UCSD Climate Change Scientists Pioneering New Tracking Tool
UC San Diego and a private company have launched what's being called the world's first and largest privately funded network to track greenhouse gases.
But now, UCSD's Scripps Institution of Oceanography is teaming with a private-sector company, Earth Networks, to build the world's most comprehensive network for tracking carbon around the globe.
Earth Networks, known for its weather observation products, is investing $25 million in new technology to establish the system in partnership with Scripps.
Scripps Institution of Oceanography Director Tony Haymet said UCSD scientists will help design the system, while Earth Networks funds a new research center for climate science at the school.
"We're going to be able to have access to a network well in advance that we would have had if we were trying to collect the data from government grants," said Haymet. "Earth Networks is going to invest $25 million to set up and operate the network over the next five years. You know it might have taken my colleagues and myself 10 years to raise that kind of money to have a purely scientifically-funded network."
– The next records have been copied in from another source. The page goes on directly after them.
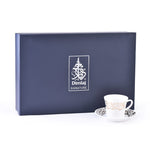 Dimlaj Kareem Tea Cups & Saucers 6Pc Gold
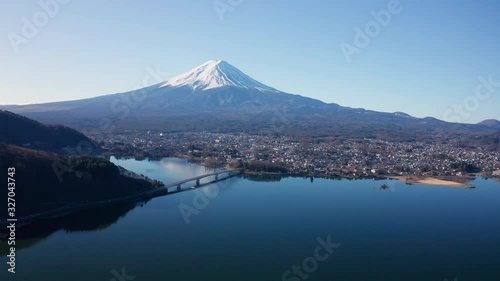 富士山と河口湖空撮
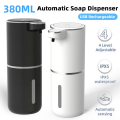 380ML Touchless IPX5 Waterproof 4-Gears Adjustable Foam/Gels Automatic Sense Soap Dispenser Electric Hand Dish Washing Machine. 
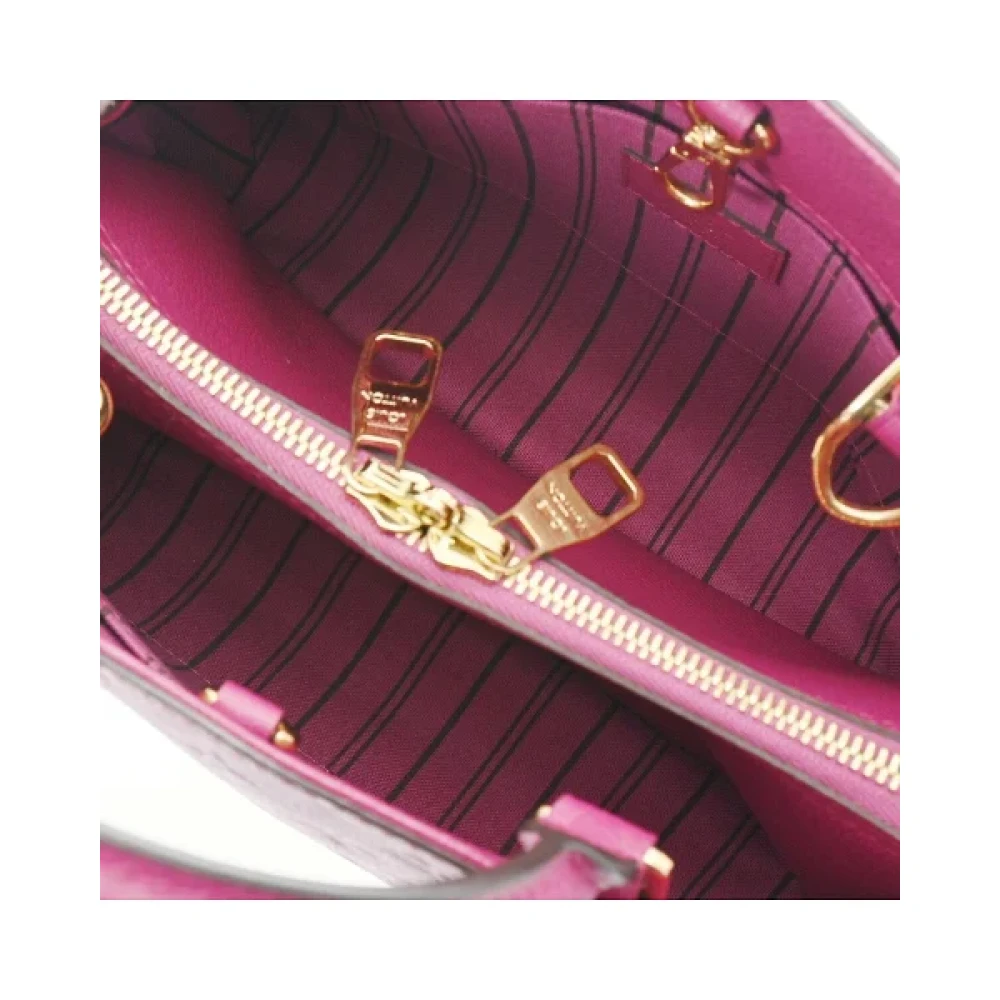 Louis Vuitton Vintage Pre-owned Canvas handbags Purple Dames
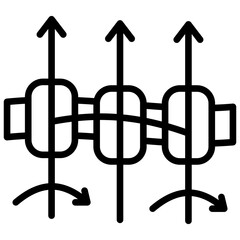 Electron Transport Outline Icon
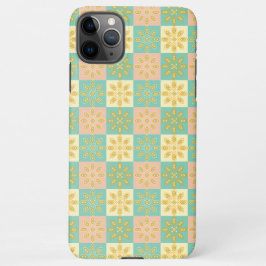 Seamless pattern with geometric floral motifs iPhone 11Pro max hoesje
Haymet said the network will help Scripps researchers collect data to hone in on where greenhouse gases originate and how they move from one area to another.
Scripps scientist Ralph Keeling, whose father created the Keeling Curve for tracking carbon dioxide emissions as a UCSD researcher, said the network is a significant step.
"There is a process that's been going on for the last decade of more and more scientists getting involved in this and more and more measurements being made," Keeling said. "But it's incremental. And what's happening today will be transformative - allowing us to make many more measurements on a shorter time frame."
Keeling said much of the data now collected by scientists is limited to longer-term studies from remote locations.
"And those background clean air measurements at these remote sites are still the core of our understanding to what's happening to the planet as a whole," said Keeling. "And we have to make sure that they keep going. And that's not easy and that's also a challenge."
But Keeling said the new network will more accurately quantify and map greenhouse gas emissions where people live.
"One of the challenges with getting people to be aware of emitting greenhouse gases is that you can't see them, you can't smell them," Keeling said. "They're out there, but how do you believe that they're there or do anything? And this is going to make them more visible to people by providing visualization. Not in your front yard but on the web of your whole region."
The devices gathering the data are designed by Sunnyvale, California-based Picarro Instruments.
Picarro CEO Michael Woelk said the greenhouse gas emission analyzers use a technique to make precise measurements of carbon dioxide and methane - the two most significant greenhouse gases.
"We pick one spectral feature that is unique to CO2 and that's what we measure," Picarro said. "So it's incredibly sophisticated, incredibly simple device to use. We actually sample the air and then we convert that into something that we can see."
Looking ahead, Scripps Institution of Oceanography scientists plan to use the new center for climate research as another tool as they build on their pioneering work in climate science.